We have gone through many things in the short 8 months we have been married. My aunt passed away a week after we were married. I've lost a job. We've gotten pregnant, another blessing from God. Our dedication to each other has been tested and tried. We've both come under spiritual attack. There have been days that we can't stand to be around each other. So all in all, its been a pretty normal marriage so far. Ha Ha.
But no matter what we end up going through, we have gone through it together. We both know, that no matter what happens we will always have each other. When we took our vows, we meant them. This isn't a game. We aren't playing fake money and little plastic cars. There is no buzzing spinner. There is no colored tile telling us we had a child, its a boy, put the blue peg in your car and roll again. This is life. Marriage is serious business. But sadly society tells us that it's not. Time and time again we see marriages in shambles. And it needs to stop.
Men, let me ask you a question? What comes first in your marriage? Is there anything that comes before your marriage?
For me the first answer is my wife. Not my children, not my job, not my hobbies.
MY WIFE IS FIRST!So often do our mates get stranded in the dust of our construction. Waiting for us to come back to them and just give them some quality attention. I don't mean sex. I mean serious attention. One that engages their minds, their hearts, their very essence. Sure, the kids take a lot of time and opportunities for you and your wife to connect. But they don't steal them all away. There are still times to devote to her. Don't let your selfish ambitions get in the way.
As for the second question, the only thing that comes before my marriage is the being that made marriage a holy union, God. Without the LORD in both of our lives, I believe without the shadow of a doubt that our marriage would fail. He is the rock that the house we have built stands. The connection between that house and the rock
must be maintained! Anyone living in south Texas knows what happens when foundations shift. Walls crack, doors don't close like they should, dust, mold and pollens get in. Given enough time, the house will crumble from the small but steady forces that get in the home. If you maintain a strong, well maintained connection with that foundation, the home will stand strong. And when we get married isn't that what we want? Who starts out a marriage with the intent to let it crumble and ruin? Maybe people who sign prenuptial agreements, but that's another story.
The marriage vows are something to strive to live to. They are a set of guidelines, and more importantly
promises that we make each other. They are not easy as times, and they do not happen overnight. They are things that we have to work towards. So often people get disappointed here. The ceremony is not a cure all. The problems that may have been there are not gone when you walk out of the chapel. But you do walk out having made a promise to work through them together. "For better or worse." These vows are not easy, and they never claim to be. Granted before we got married we were in love. Now that we are married, that same love must be preserved. The Royal jewels of the British monarchy are heavily guarded. The love between you and your wife must be treated with the same caution and care.
She is your crown jewel!She is something to be
guarded, loved and pursued!
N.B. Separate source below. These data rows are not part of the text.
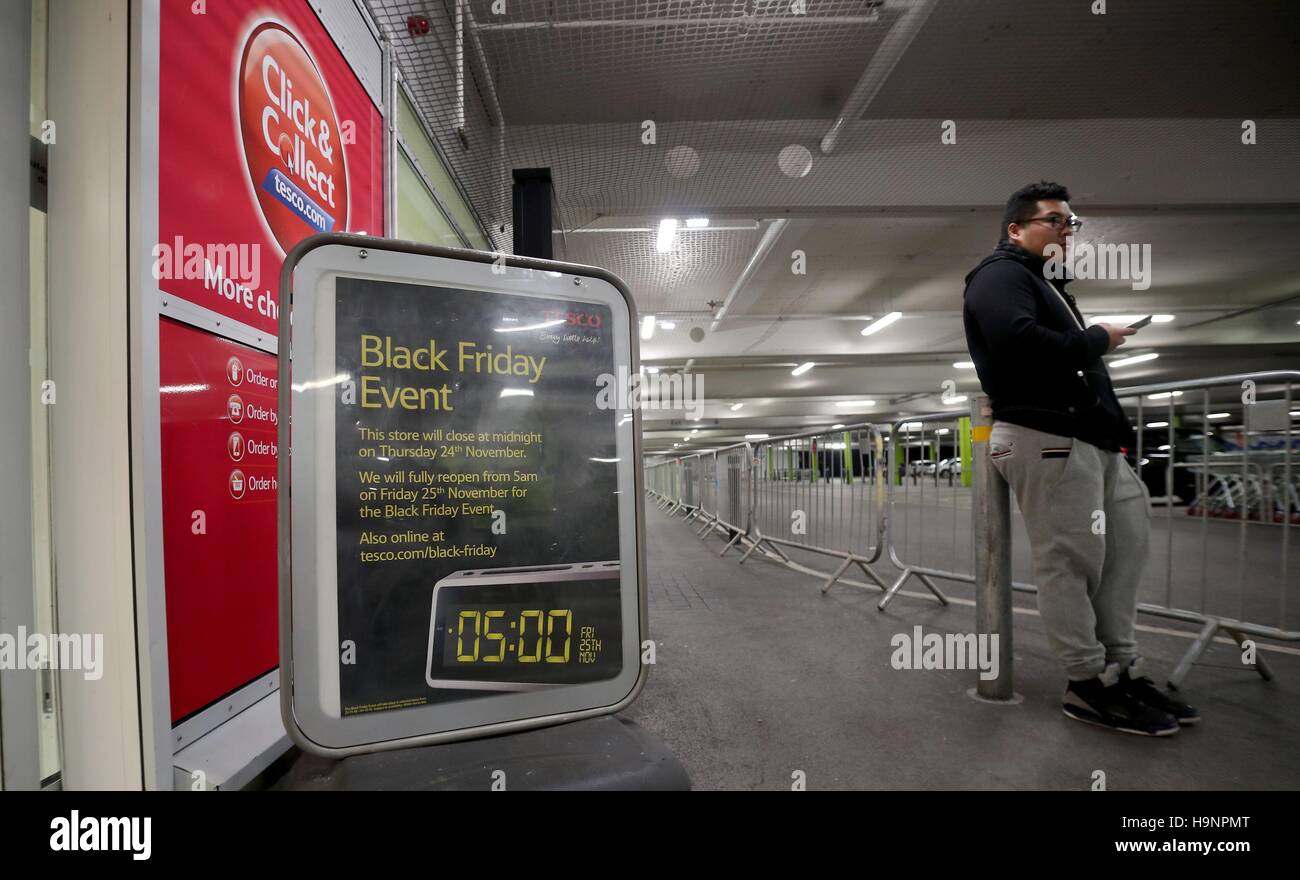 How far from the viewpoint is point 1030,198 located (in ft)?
7.65

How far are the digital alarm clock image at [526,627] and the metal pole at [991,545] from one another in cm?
212

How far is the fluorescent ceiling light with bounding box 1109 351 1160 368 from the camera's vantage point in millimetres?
12549

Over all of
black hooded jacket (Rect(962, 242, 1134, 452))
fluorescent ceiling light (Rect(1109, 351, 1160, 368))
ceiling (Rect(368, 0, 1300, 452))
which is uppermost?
ceiling (Rect(368, 0, 1300, 452))

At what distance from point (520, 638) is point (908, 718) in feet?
6.10

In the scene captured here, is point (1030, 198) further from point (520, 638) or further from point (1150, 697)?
point (520, 638)

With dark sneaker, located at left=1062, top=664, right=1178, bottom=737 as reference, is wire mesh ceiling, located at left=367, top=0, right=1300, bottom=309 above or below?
above

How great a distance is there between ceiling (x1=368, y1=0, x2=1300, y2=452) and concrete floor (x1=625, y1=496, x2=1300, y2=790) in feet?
11.3

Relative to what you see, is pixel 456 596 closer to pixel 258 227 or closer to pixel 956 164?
pixel 258 227

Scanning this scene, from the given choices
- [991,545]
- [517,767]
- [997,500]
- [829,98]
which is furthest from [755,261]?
[517,767]

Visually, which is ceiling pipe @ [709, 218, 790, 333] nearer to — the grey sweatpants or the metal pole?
the metal pole

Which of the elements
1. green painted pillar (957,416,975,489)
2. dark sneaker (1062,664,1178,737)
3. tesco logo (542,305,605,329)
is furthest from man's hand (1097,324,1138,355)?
green painted pillar (957,416,975,489) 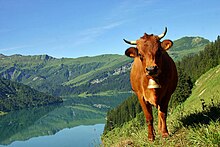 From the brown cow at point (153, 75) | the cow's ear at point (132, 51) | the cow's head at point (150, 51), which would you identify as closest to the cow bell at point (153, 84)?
the brown cow at point (153, 75)

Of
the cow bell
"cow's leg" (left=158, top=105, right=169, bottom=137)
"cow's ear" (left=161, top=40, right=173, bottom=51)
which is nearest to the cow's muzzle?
the cow bell

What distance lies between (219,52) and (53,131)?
11373 cm

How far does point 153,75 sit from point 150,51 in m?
0.61

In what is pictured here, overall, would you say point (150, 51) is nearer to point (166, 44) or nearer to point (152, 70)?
point (152, 70)

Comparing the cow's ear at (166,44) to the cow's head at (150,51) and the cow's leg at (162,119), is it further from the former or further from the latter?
the cow's leg at (162,119)

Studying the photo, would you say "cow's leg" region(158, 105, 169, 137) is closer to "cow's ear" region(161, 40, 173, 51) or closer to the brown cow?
the brown cow

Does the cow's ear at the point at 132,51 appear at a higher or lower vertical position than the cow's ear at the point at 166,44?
lower

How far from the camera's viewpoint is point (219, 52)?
10506 cm

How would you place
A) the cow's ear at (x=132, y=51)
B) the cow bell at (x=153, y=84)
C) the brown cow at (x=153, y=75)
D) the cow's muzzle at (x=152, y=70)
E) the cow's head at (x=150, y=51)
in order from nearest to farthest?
the cow's muzzle at (x=152, y=70) → the cow's head at (x=150, y=51) → the brown cow at (x=153, y=75) → the cow bell at (x=153, y=84) → the cow's ear at (x=132, y=51)

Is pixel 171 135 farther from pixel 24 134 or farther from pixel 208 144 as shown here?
pixel 24 134

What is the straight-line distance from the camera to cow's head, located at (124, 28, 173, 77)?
298 inches

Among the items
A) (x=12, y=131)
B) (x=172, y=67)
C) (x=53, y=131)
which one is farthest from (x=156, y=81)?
(x=12, y=131)

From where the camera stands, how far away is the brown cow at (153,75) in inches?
307


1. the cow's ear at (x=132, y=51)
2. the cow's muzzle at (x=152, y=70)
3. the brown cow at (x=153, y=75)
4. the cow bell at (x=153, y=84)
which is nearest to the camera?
the cow's muzzle at (x=152, y=70) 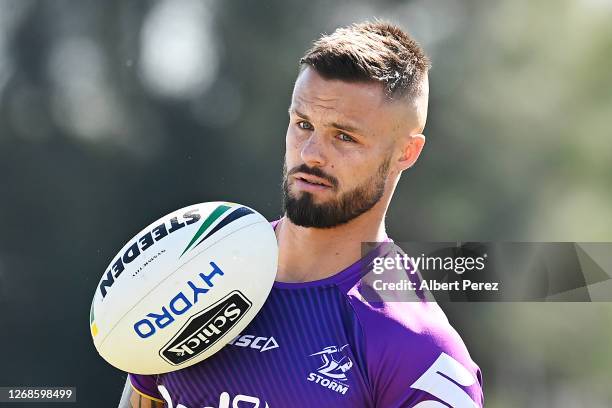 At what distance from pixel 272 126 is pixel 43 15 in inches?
84.1

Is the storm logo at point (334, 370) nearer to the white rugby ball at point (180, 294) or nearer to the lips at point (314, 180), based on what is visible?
the white rugby ball at point (180, 294)

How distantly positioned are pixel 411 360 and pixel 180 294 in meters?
0.58

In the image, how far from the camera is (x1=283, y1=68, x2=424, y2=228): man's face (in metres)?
2.50

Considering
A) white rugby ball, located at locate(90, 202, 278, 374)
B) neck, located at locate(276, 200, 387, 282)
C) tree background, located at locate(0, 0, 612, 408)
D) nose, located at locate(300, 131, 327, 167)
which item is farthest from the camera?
tree background, located at locate(0, 0, 612, 408)

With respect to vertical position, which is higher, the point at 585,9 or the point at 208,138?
the point at 585,9

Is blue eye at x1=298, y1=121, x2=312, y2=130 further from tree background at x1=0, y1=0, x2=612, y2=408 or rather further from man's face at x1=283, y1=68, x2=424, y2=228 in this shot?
tree background at x1=0, y1=0, x2=612, y2=408

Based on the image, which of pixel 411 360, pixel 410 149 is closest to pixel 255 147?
pixel 410 149

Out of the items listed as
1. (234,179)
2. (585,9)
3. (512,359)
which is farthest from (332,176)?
(585,9)

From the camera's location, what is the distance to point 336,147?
250cm

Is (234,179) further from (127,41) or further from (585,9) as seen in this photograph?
(585,9)

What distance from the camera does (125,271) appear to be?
2.41 meters

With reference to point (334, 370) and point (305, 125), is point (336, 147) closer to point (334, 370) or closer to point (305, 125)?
point (305, 125)

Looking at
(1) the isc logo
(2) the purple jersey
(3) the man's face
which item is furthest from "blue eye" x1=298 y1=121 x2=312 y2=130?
(1) the isc logo

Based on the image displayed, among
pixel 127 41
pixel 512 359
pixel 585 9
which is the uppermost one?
pixel 585 9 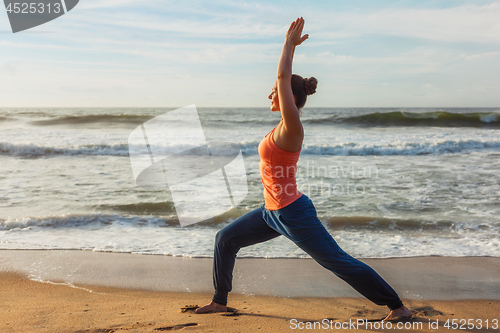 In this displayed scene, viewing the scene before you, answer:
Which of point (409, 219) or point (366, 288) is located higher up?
point (366, 288)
Pursued?! WE are already married, she is mine. Why do i have to pursue her still?
The Bible says "The Devil,
YOUR enemy, goes around like a roaring lion looking for someone to eat.(1 Peter 5:8)" YOUR enemy will stop at nothing to take you down, he will attack your marriage if that's what it takes to stop you.
Pursued?! You, the man, are the thief. When you first desired her, you sought to take something. Hopefully, it was her heart. (If not, you should re-examine yourself as a 'man.' And this time be honest.)You wanted that crown jewel. She kept it away, guarded. This is a fragile precious thing and we have to recognize it as such. You chased it once. You must continue to chase it, or it will get away forever. Much like the crown jewels are hidden and heavily guarded, so is the true nature of your woman.
"Among the young women, my darling is like a lily among thorns!(Songs 2:2 NCV)"
Are you willing to reach in and pick that flower?